Financing construction projects - Enough equity?

  • Erstellt am 2021-03-20 14:26:42

chand1986

2021-04-01 18:35:31
  • #1
Of course, nobody can learn anything there. Look at what I wrote: Gesamtschule in a problem district. So actually a combined remedial/main school that is supposed to still graduate an upper level despite surrounding grammar schools.

Quiz question: Why are the classes like this? Why did what worked at the end of the 70s no longer work for some time now?
 

pagoni2020

2021-04-01 18:47:22
  • #2
I was in school in the 60s and 70s and in retrospect recognize that it was a bad system for me. Apart from the fact that we still had quite a few people visibly damaged by the war in front of us, I had no access at all to the topic of school. So I left the Gymnasium early and went into my job while after the then "reform" the worst in my class received an Abitur with a 2.6; then I should have at least managed 2.5 or even better. In my profession and today I am extremely eager to learn, interested, for example, in languages, with which you would have tortured me earlier. Since I often worked with young people later and was even briefly a teacher myself, I recognize today the deficits of the system then and now. Of course I was lazy and did not deserve better at that time but I was 12, 13, 14... and a "good" system would have supported someone – me – so that today I could at least say somewhat smarter things than I do. At a German, internationally highly decorated school abroad I was more than shocked at the way results were really tuned there to surpass given standards (just reaching them would probably be uncool). Schools adorn themselves with tinsel and attributes but behind it is usually very dark. After half a year I was so fed up and we both did not extend despite good pay. With my life and professional experience from other areas I could only perceive this as totally stupid and deceitful and completely unsuitable for the actual education of children. The children had excellent degrees, but could do little, instead being able to recite things by heart, precisely according to the system. Everyone should watch the Austrian documentary "Alphabet" once, to see which direction it could go for us too. As a fan of Scandinavia, I know it can be better, even if it’s certainly not optimal there either.
 

Zaba12

2021-04-01 18:47:25
  • #3

I told my older one he doesn’t have to do the "idiot task," that is, copying the math problem again from the book into the notebook. Every time this is required, I copy the book page for him. I’m not for waste, and for me work time counts as waste too.

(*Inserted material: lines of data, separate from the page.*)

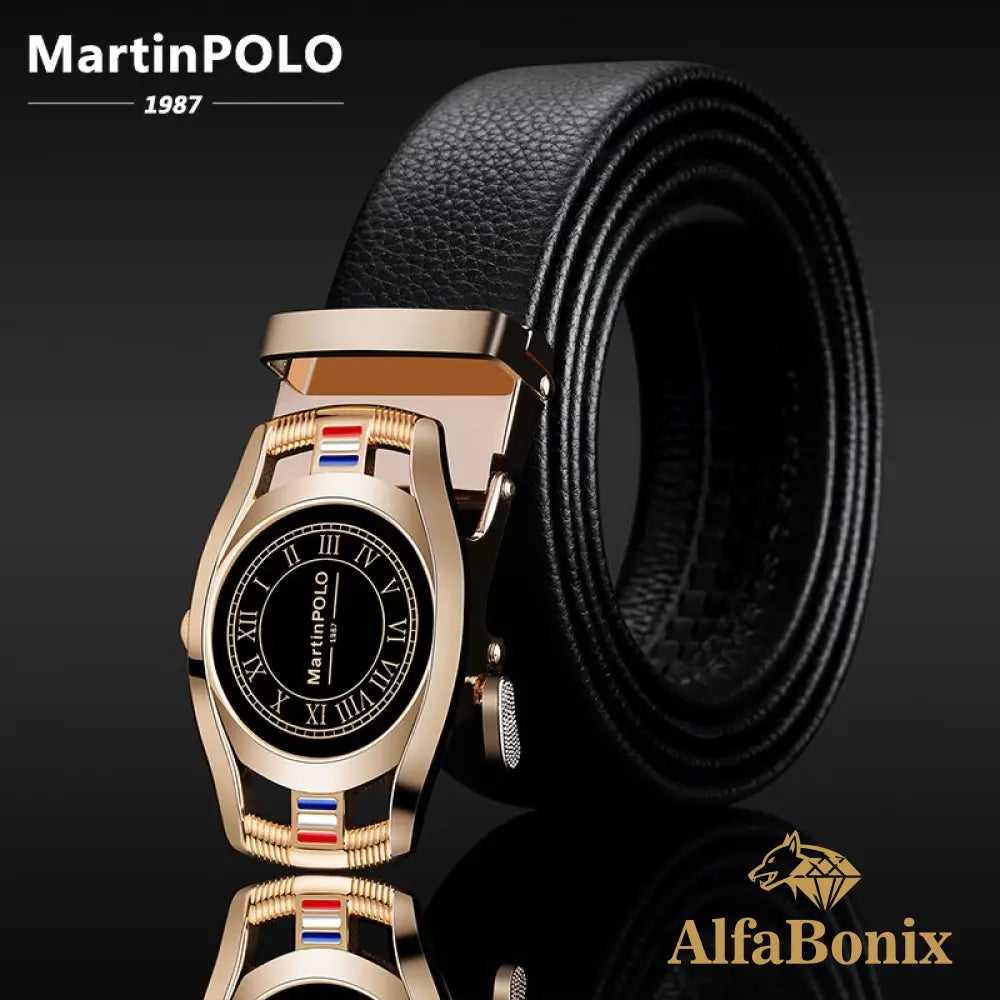 Cinto Martin Polo Couro Genuíno Mp02201P / 110Cm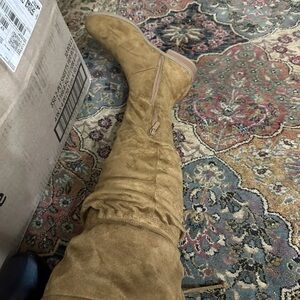 Lane Bryant Women's Tan Over-the-Knee Boots size 8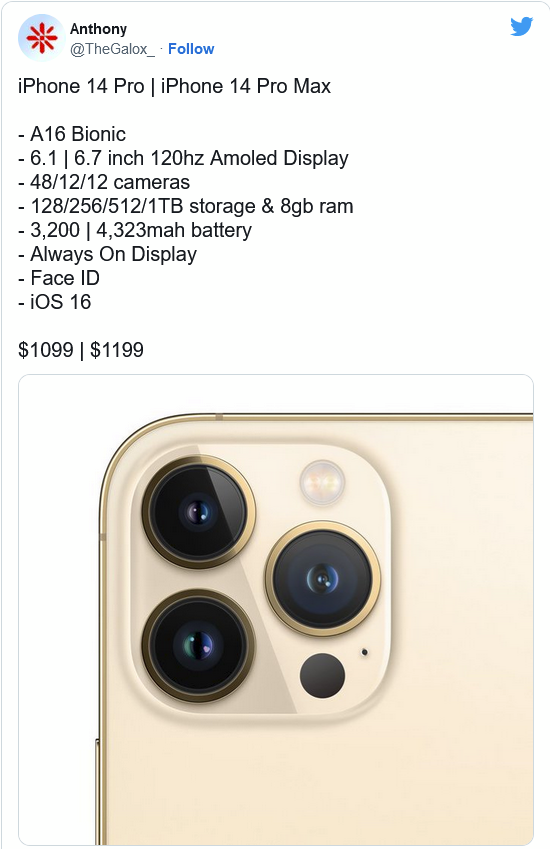 蓟州苹果14维修分享iPhone 14全系涨价 
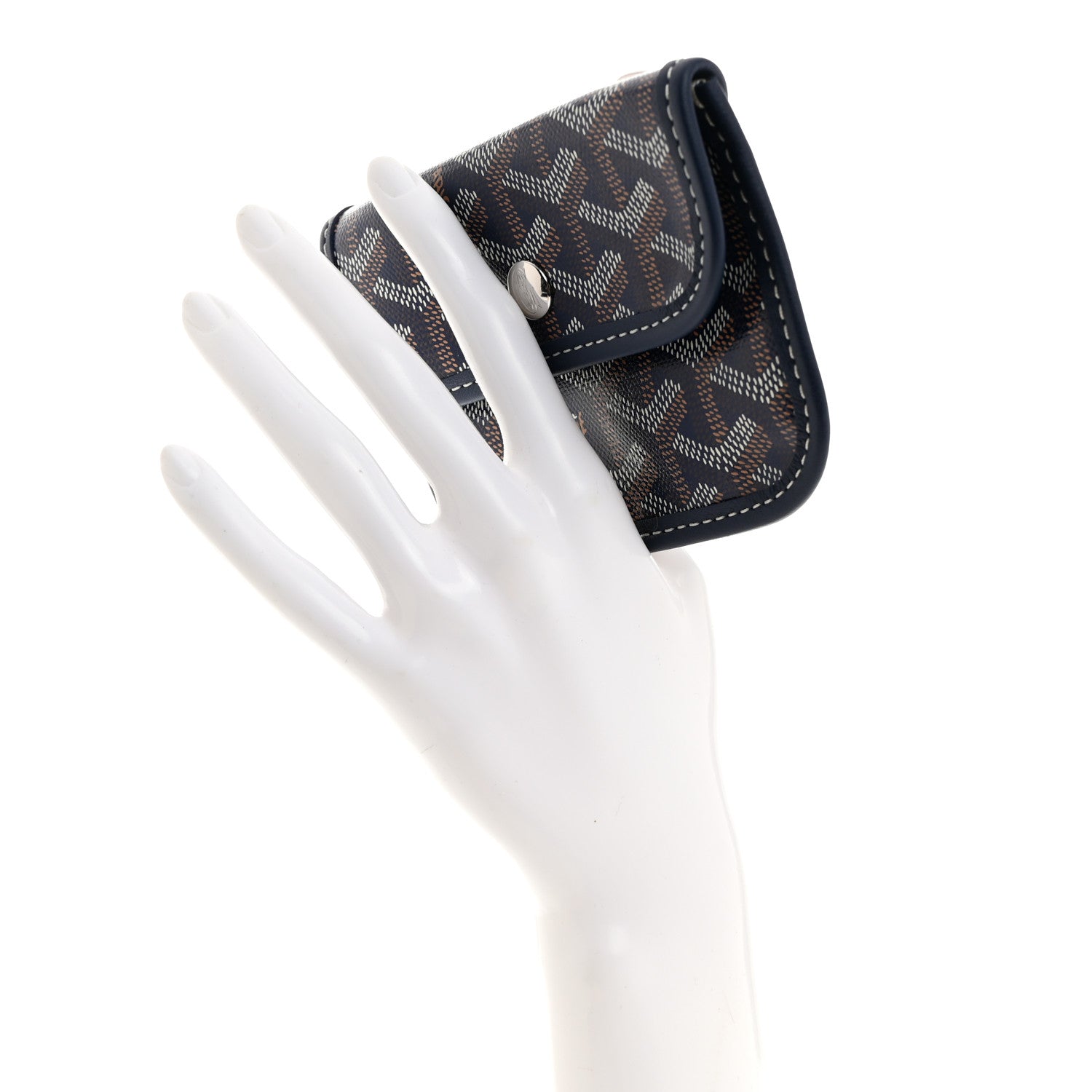 Goyard Goyardine Mini Anjou Pouch Navy 4 of 6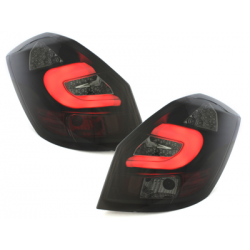 Feux arrière LED Skoda Fabia 5J_07+ - Noir/Fumé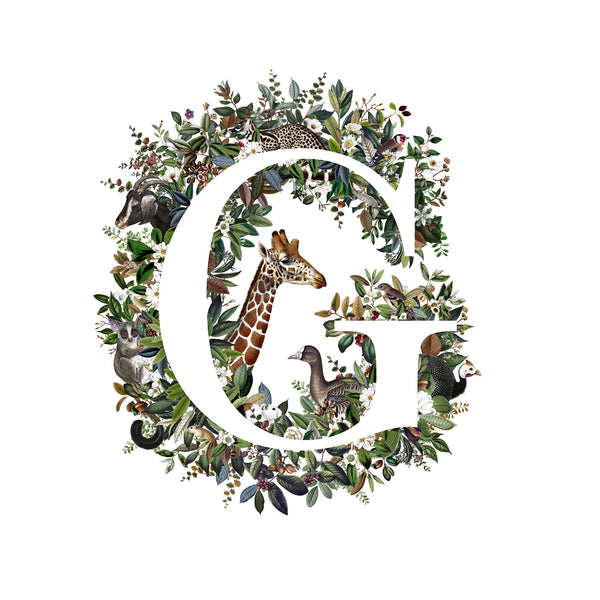 Animal Alphabet Letter 'G'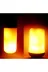 Osaka Light ALEV LED 167 1W E14 Duylu Parmak Mini Şömine Alev Efektli Led Ampul 2200Kelvin Ateş Renkli 15X65Mm Ebatlı 2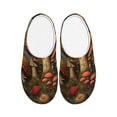 thumbnail image 1 of Picia Vintage Cloud Mushroom for Women's Lamb-hug Comfy Fleece House Slippers Memory Foam, Slip-on House Shoes Indoor Outdoor-35/36, 1 of 7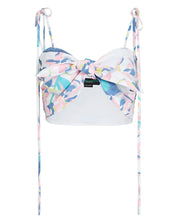 BELLA PALMA TOP IN ORQUIDEA BLANCO PRINT - No Pise La Grama Web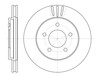 Bremžu disks 656410 76646 155.3901.00  DI-095  /5346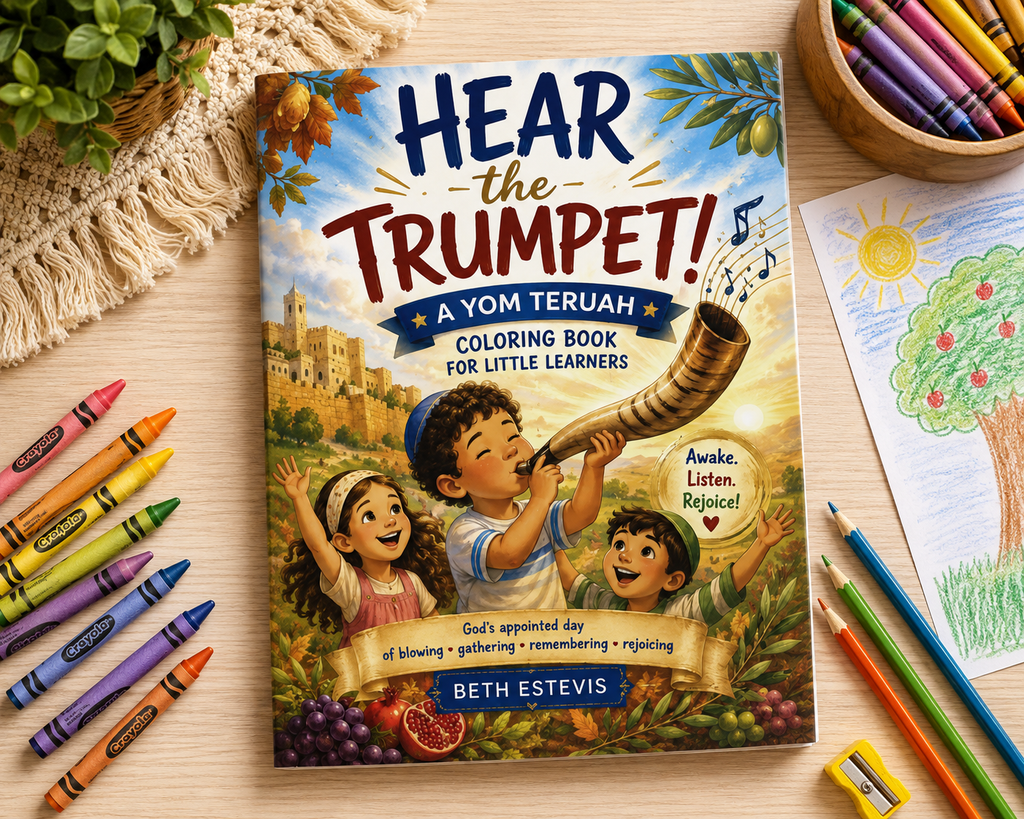 Hear the Trumpet! | Yom Teruah Coloring & Learning Book for Kids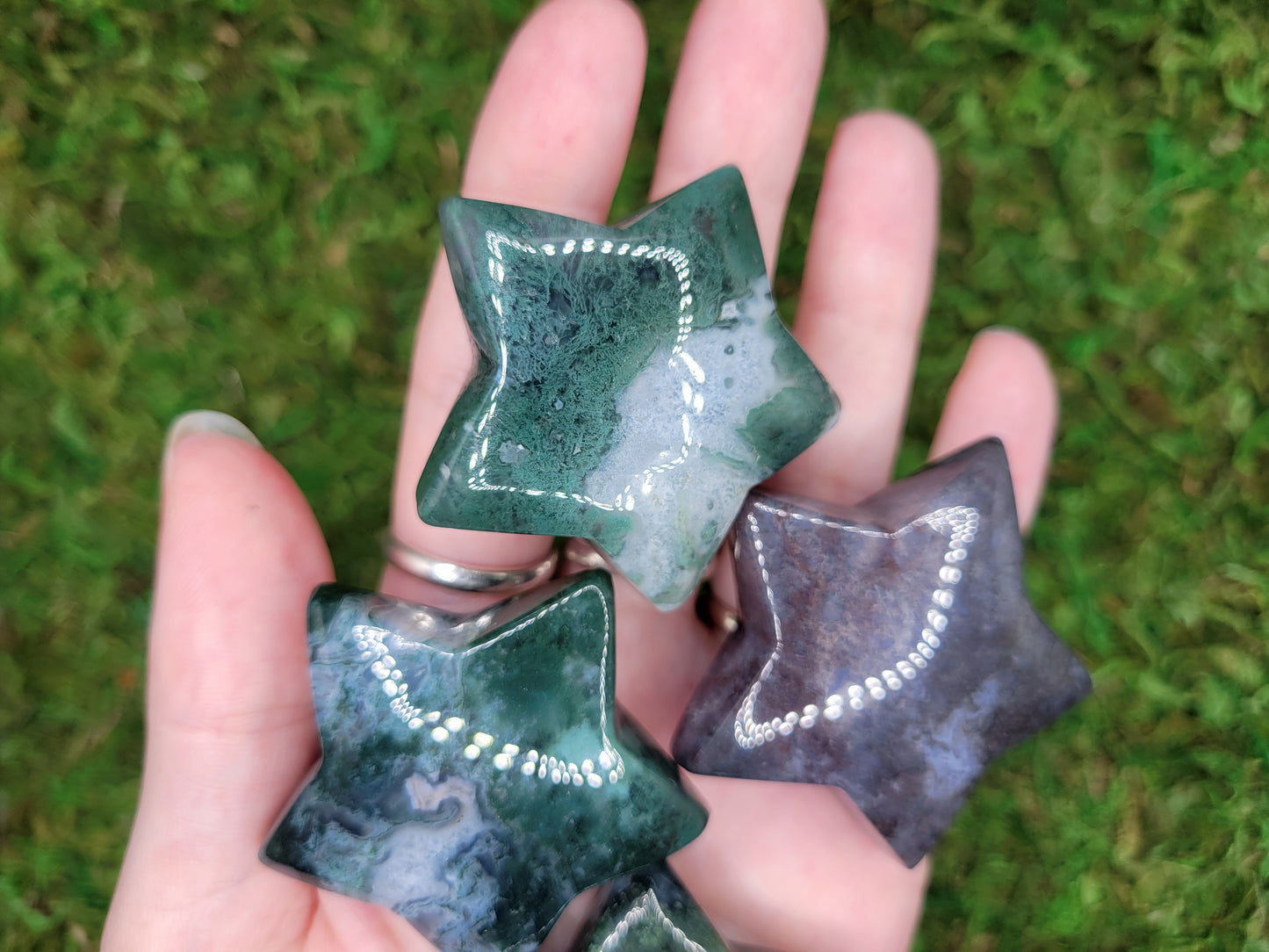 Moss Agate Stars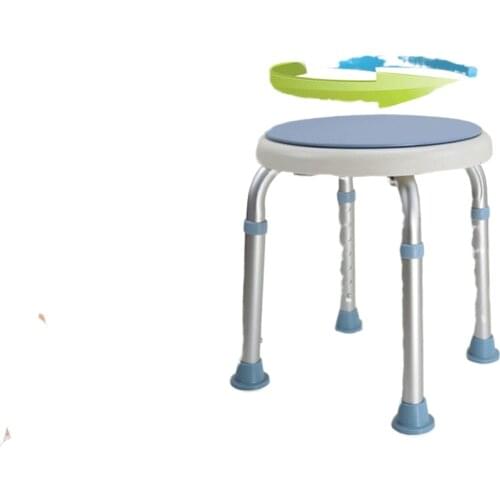 Round Rotating Elderly Bath Chair Stool Toilet For Pregnant Woman /Child Safe Height Adjustable Bathroom Environment Product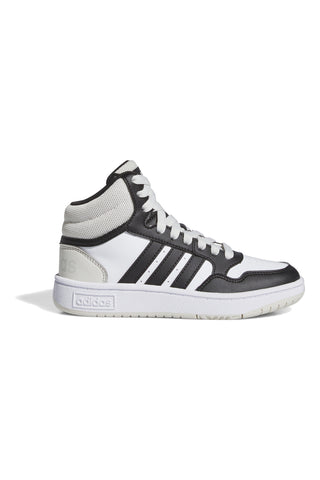 Sneakers bianche alte con lacci Adidas HOOPS 3.0 MID K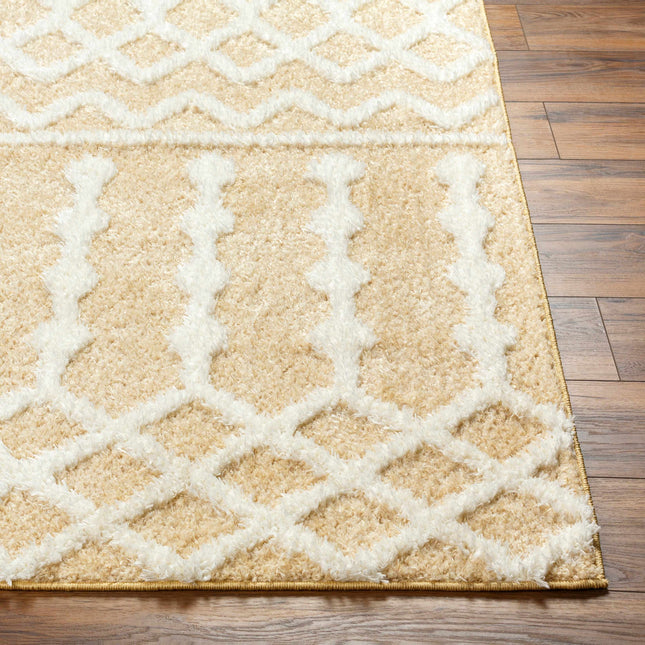 Ilyas Camel Plush Area Rug Rugs TriadCommerceInc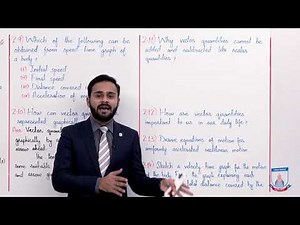 Allied Schools - Class 9 - Physics - Chapter 2 - Lecture 12 - Exercise Questions 2.8 to 2.14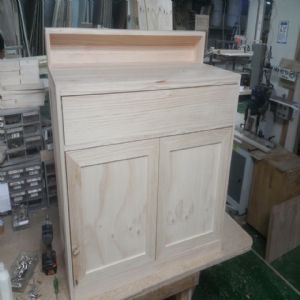 시즈닝 주방수납장 트윈 18mm(소나무) (1000*900*500)(샌딩)(1개)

The solution path is, for me, part of the calculation and should also be written down. But demanding the unnecessary rest in 4th grade is inefficient.

The little one in 2nd grade should do it, since unfortunately he has a class teacher where it’s only clapping, dancing, and singing in class/distance learning. Here I’m really glad that next year from 3rd grade he will have a new teacher.
 

chand1986

2021-04-01 19:07:10
  • #4
First of all: I understand and the criticism is justified. Why copying? Because in 4th grade, possibly your child, but certainly not all children, can do without practicing writing movements through such "idiot tasks." Why doesn’t the teacher differentiate? Because you get a lawsuit (from parents) on your hands faster than you like if you don’t nicely hand out the idiot tasks to everyone equally. Find the error...

One problem: If you tell your older one (who is still a little kid) that these are idiot tasks, what does he think about the classmates who do them or even worse, really need them as practice?

(By the way, in tutoring I have two 9th graders who still hold the pen in a fist and therefore can't really write. They also hold knife and fork that way. They should have copied endlessly for hours earlier... one thinks. Then again: Find the error!)
 

michert

2021-04-01 19:24:34
  • #5
The thread is just awesome. Where is Marius actually? Cool guy, stirred up the forum with a few exaggerated statements.
 

pagoni2020

2021-04-01 19:46:56
  • #6
Despite all the justified criticism and care for the children, this still seems to me to be clearly exaggerated. What does the child take away from this? The teacher is a loser and dad fixes it for me, and besides, he decides what is good or bad. The today's often intrusive interference of parents seems to me to be as much of a problem as the flawed school system. When I then read that it is sometimes commonplace and even amusing that children throw notebooks and books around at home, and that this is not regarded there as an actual problem, I believe that school and teachers can't really fix what is not lived or conveyed at home. What options are left to a school or a teacher if parents of 30 classmates each disparage the work of teachers or the school's offerings differently and according to their own opinions, in front of the children? What loss does the child suffer if they actually write something twice? As a non-teacher and also a critic of teachers, I can tell you that all these parents report only about great, intelligent children; idiots and problem children are always the others. I have experienced this as a father and even more so in the short time as a teacher. Parents also like to brag about their children, which is often embarrassing or burdensome for the kids. Unfortunately, the good Jesper Juul is no longer alive; his books are absolutely worth reading.